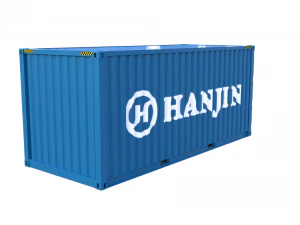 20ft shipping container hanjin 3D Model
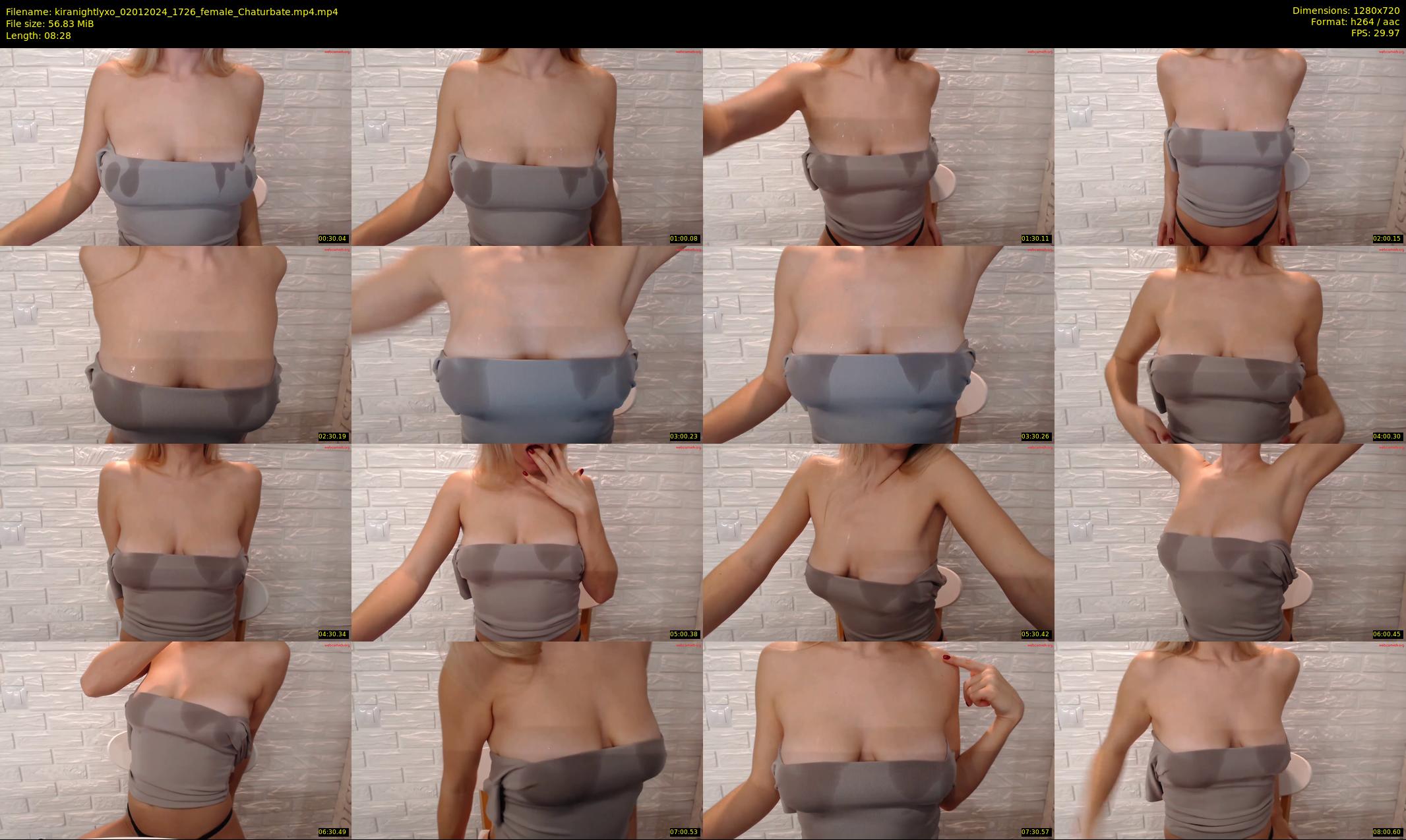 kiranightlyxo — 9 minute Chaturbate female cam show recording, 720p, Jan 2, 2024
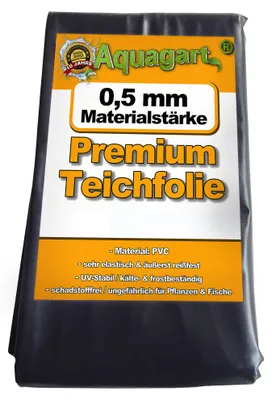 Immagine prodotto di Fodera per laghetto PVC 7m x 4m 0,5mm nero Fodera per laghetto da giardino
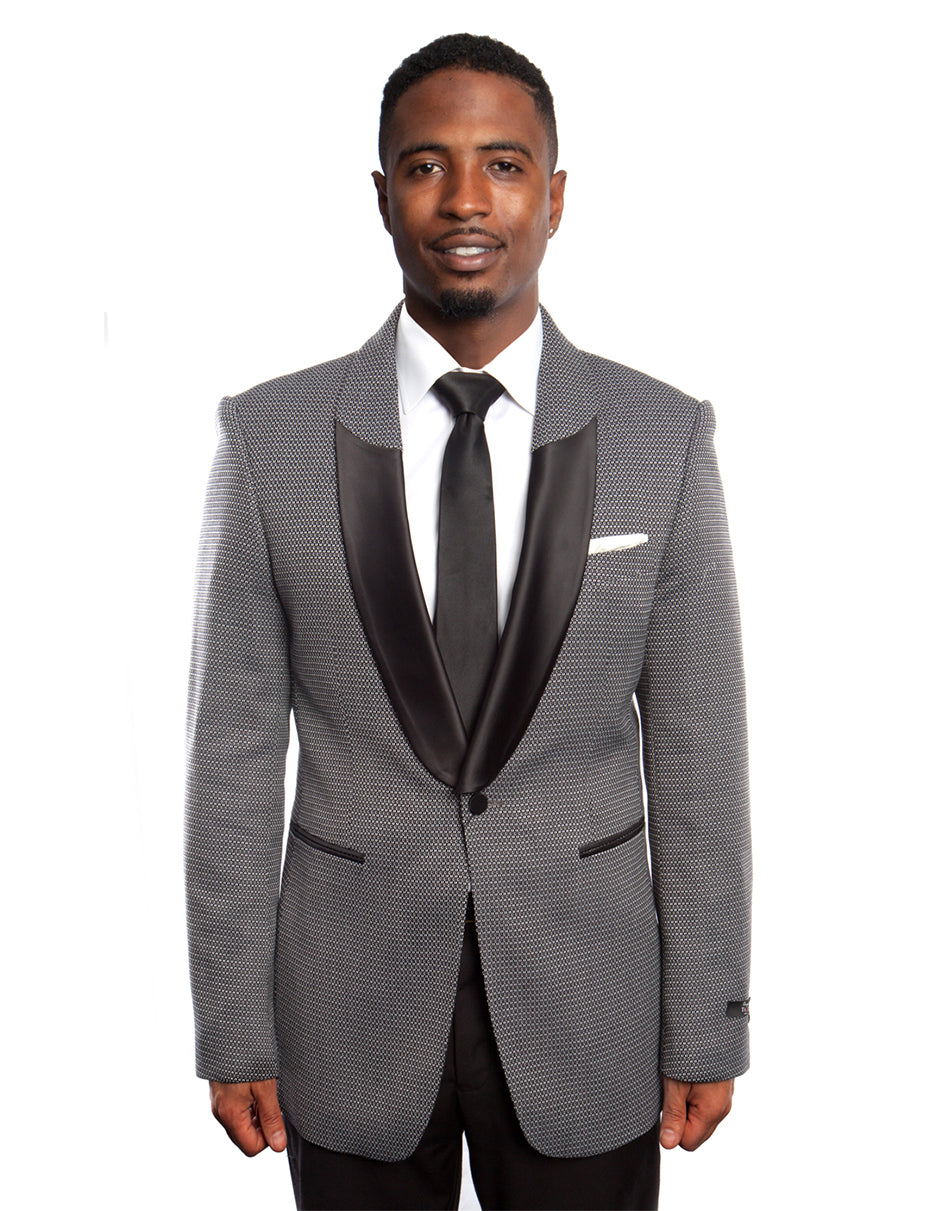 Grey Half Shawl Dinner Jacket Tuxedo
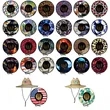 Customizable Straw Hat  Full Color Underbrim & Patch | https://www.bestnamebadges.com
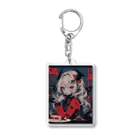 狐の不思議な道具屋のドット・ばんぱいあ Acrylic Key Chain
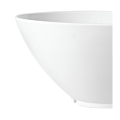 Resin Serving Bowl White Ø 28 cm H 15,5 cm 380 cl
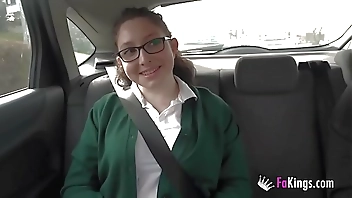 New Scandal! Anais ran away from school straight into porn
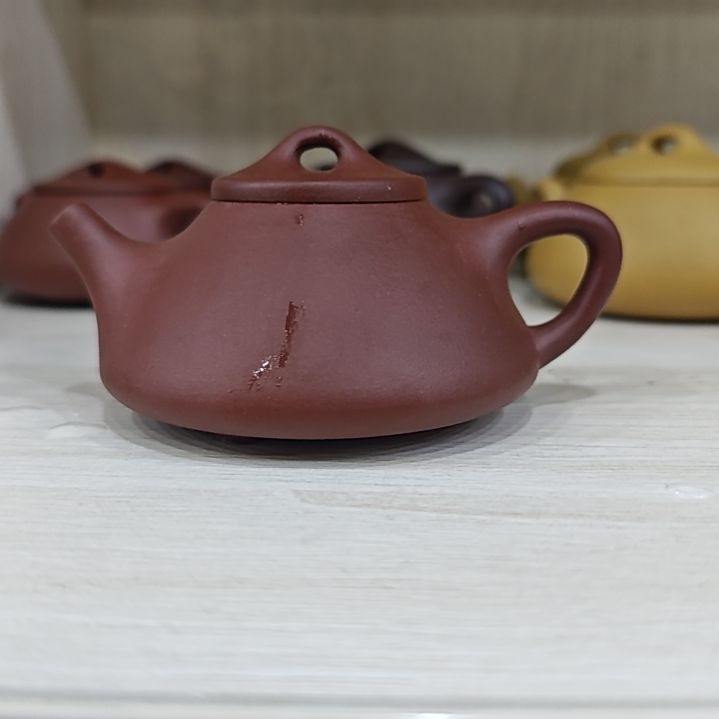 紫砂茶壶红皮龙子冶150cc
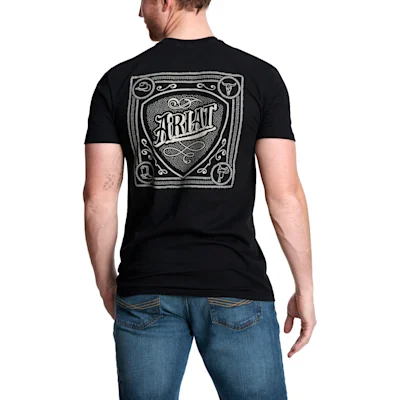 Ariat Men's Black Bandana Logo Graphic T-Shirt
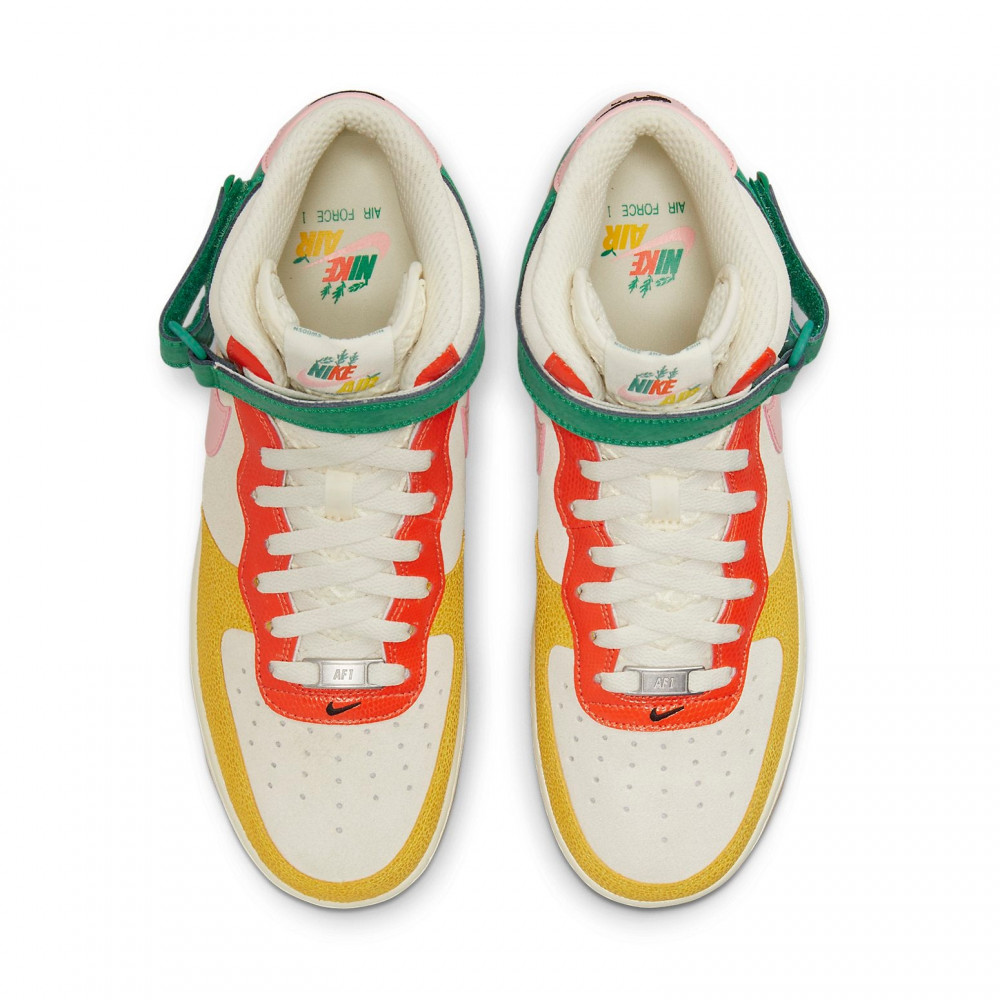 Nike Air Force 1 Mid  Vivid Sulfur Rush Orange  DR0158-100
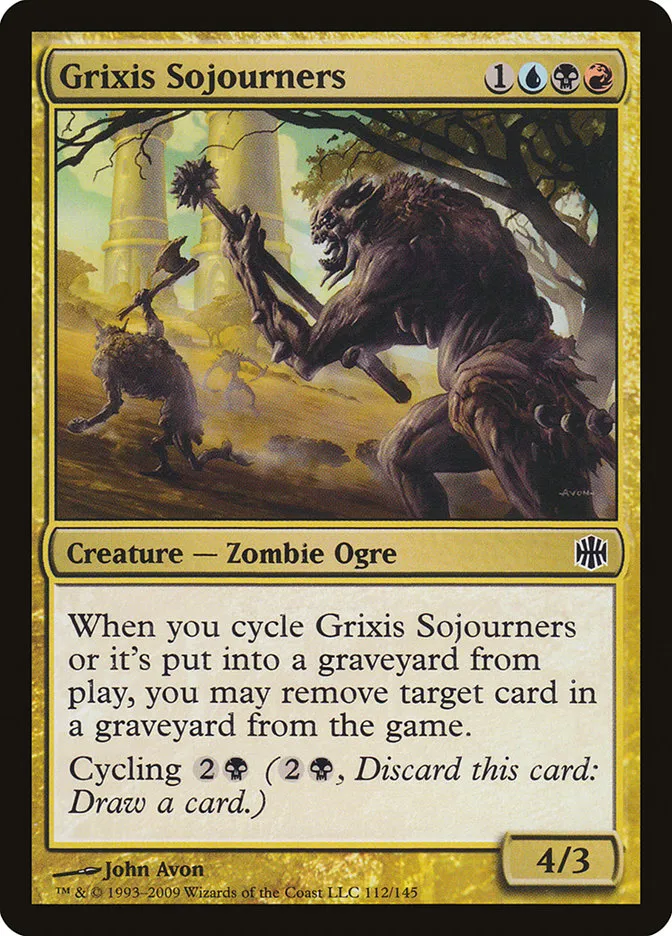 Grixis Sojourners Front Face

◇ ◇ ◇ ◇ ◇

■ ASSIGNED TASK:
A word-for-word copy of the records is needed, one that contains no pictures.

■ TASK ANSWER:
 20ft shipping container hanjin 3D Model
 kiranightlyxo — 9 minute Chaturbate female cam show recording, 720p, Jan 2, 2024
 Immagine prodotto di Fodera per laghetto PVC 7m x 4m 0,5mm nero Fodera per laghetto da giardino
 Grey Half Shawl Dinner Jacket Tuxedo
 Customizable Straw Hat  Full Color Underbrim & Patch | https://www.bestnamebadges.com
 狐の不思議な道具屋のドット・ばんぱいあ Acrylic Key Chain
 Resin Serving Bowl White Ø 28 cm H 15,5 cm 380 cl
 New Scandal! Anais ran away from school straight into porn
 紫砂茶壶红皮龙子冶150cc
 Ariat Men's Black Bandana Logo Graphic T-Shirt
 Nike Air Force 1 Mid  Vivid Sulfur Rush Orange  DR0158-100
 Grixis Sojourners Front Face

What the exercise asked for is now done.